Understanding and Improving Encoder Layer Fusion in Sequence-to-Sequence Learning

Authors: Xuebo Liu, Longyue Wang, Derek F. Wong, Liang Ding, Lidia S. Chao, Zhaopeng Tu

ICLR 2021 | Conference PDF | Archive PDF | Plain Text | LLM Run Details

Reproducibility Variable Result LLM Response
Research Type Experimental Experimental results show that Surface Fusion outperforms Encoder Fusion on several NLP benchmarks, including machine translation, text summarization, and grammatical error correction. It obtains the state-of-the-art performance on WMT16 Romanian-English and WMT14 English-French translation tasks. Extensive analyses reveal that Surface Fusion learns more expressive bilingual word embeddings by building a closer relationship between relevant source and target embeddings. Source code is freely available at https://github.com/Sunbow Liu/Surface Fusion.
Researcher Affiliation Collaboration Xuebo Liu1 , Longyue Wang2, Derek F. Wong1, Liang Ding3, Lidia S. Chao1 & Zhaopeng Tu2 1NLP2CT Lab, Department of Computer and Information Science, University of Macau 2Tencent AI Lab 3The University of Sydney
Pseudocode No The paper does not contain any sections or figures explicitly labeled 'Pseudocode' or 'Algorithm', nor does it present structured steps in a code-like format.
Open Source Code Yes Source code is freely available at https://github.com/Sunbow Liu/Surface Fusion.
Open Datasets Yes We conducted experiments on three benchmarking datasets: smallscale WMT16 Romanian-English (Ro-En; 0.6M instances), medium-scale WMT14 English-German (En-De; 4.5M instances), and large-scale WMT14 English-French (En-Fr; 36.0M instances). ... We used the CNN/Daily Mail corpus (0.3M instances). ... We used CONLL14 datasets as the testbed (1.4M instances). For WMT16 Romanian-English, we used the prepossessed data1 and existing result from Ghazvininejad et al. (2019). ... For WMT14 English-German, the prepossessed data2 and existing result are derived from Ott et al. (2018). ... For WMT14 English-French, we reported the existing result from Ott et al. (2018) and followed them to preprocess the data sets. ... For CNN/Daily Mail dataset, we used the existing result and preprocessing method of Ott et al. (2019). ... For CONLL14 benchmark, the preprocessing script3 and existing result are given by Chollampatt & Ng (2018). The footnotes provide links to these preprocessed data sources.
Dataset Splits Yes Table 4: Statistics of the datasets and hyperparameters for the experiments. ... Ro-En ... Training 0.6M Testing 2K Dev 2K ... En-De ... Training 4.5M Testing 3K Dev 3K ... En-Fr ... Training 35.5M Testing 6K Dev 3K ... CNN/DM ... Training 0.3M Testing 13K Dev 11K ... CONLL ... Training 1.3M Testing 5K Dev 1K. We chose the checkpoint with best validation ppl for testing.
Hardware Specification No The paper does not provide any specific details about the hardware used for running the experiments (e.g., GPU models, CPU types, memory).
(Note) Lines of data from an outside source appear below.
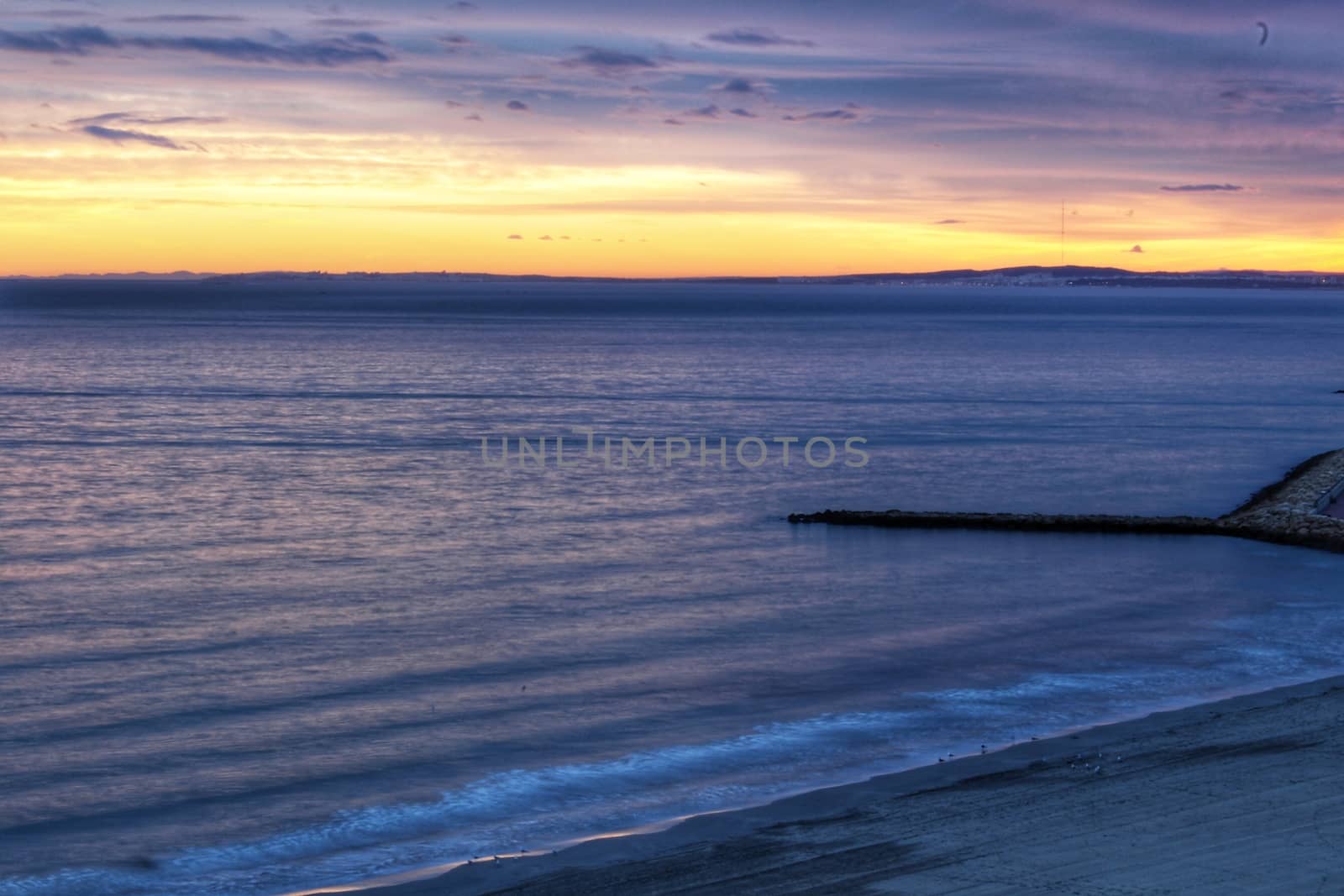 Spectacular and colorful sunset in the bay of Santa Pola, Alicante, Spain in autumn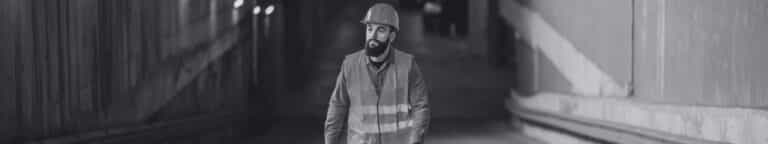 Skilled trades worker walking up a parking garage ramp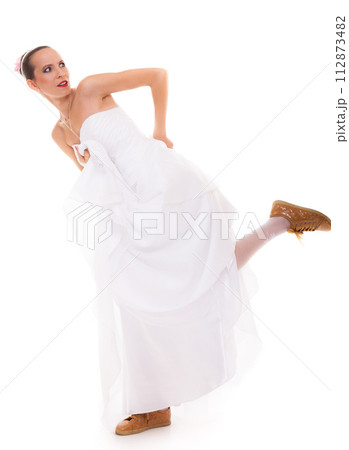 Wedding. Running bride funny woman in sport shoes Wedding. Running bride funny woman in sport shoes 112873482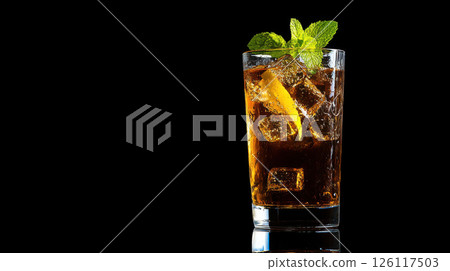 Photo of a long island iced tea with lemon and mint, on a high-resolution, high-quality black isolated background 126117503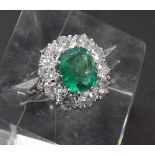 Large and impressive 18ct white gold emerald and diamond cluster ring, the emerald 2.40ct approx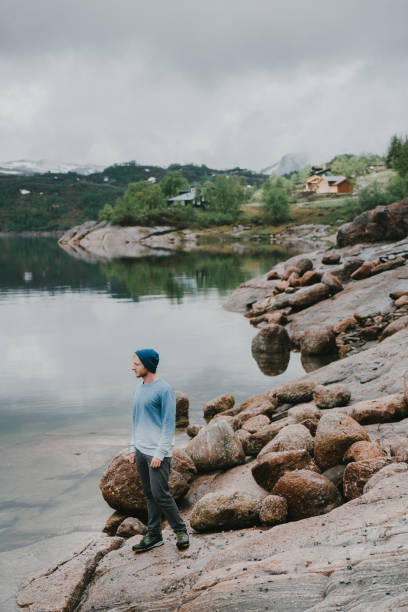 istock Man  looking at fjord in Norway 697541748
It only states that 'All the models are implemented by the open-source toolkit fairseq'.
Software Dependencies No The paper states that 'All the models are implemented by the open-source toolkit fairseq (Ott et al., 2019).' and provides a link to its GitHub repository. However, it does not specify the version number of fairseq or other critical software components like Python, PyTorch, or TensorFlow versions.
Experiment Setup Yes Table 4: Statistics of the datasets and hyperparameters for the experiments. All the data have been tokenized and split into joint sub-word units (Sennrich et al., 2016). Batch denotes the number of source tokens and target tokens used in each training step. DP denotes the dropout value (Srivastava et al., 2014). LP denotes the length penalty (Wu et al., 2016). Base and Big denote the two kinds of model variants of Transformer. We chose the checkpoint with best validation ppl for testing. ... It was set to 0.3 for all the experiments. ... We find that λ is sensitive to the corpus scale but insensitive to the relationship of input/output domain, which was set to 0.9 for the En-De, En-Fr and correction tasks, and 0.8 for the Ro-En and summarization tasks. For τ, it was set to 5 for soft fusion and 1 for hard fusion across different benchmarks. ... It is noted that other unmentioned hyperparameters keep the same with the original paper of Transformer (Vaswani et al., 2017).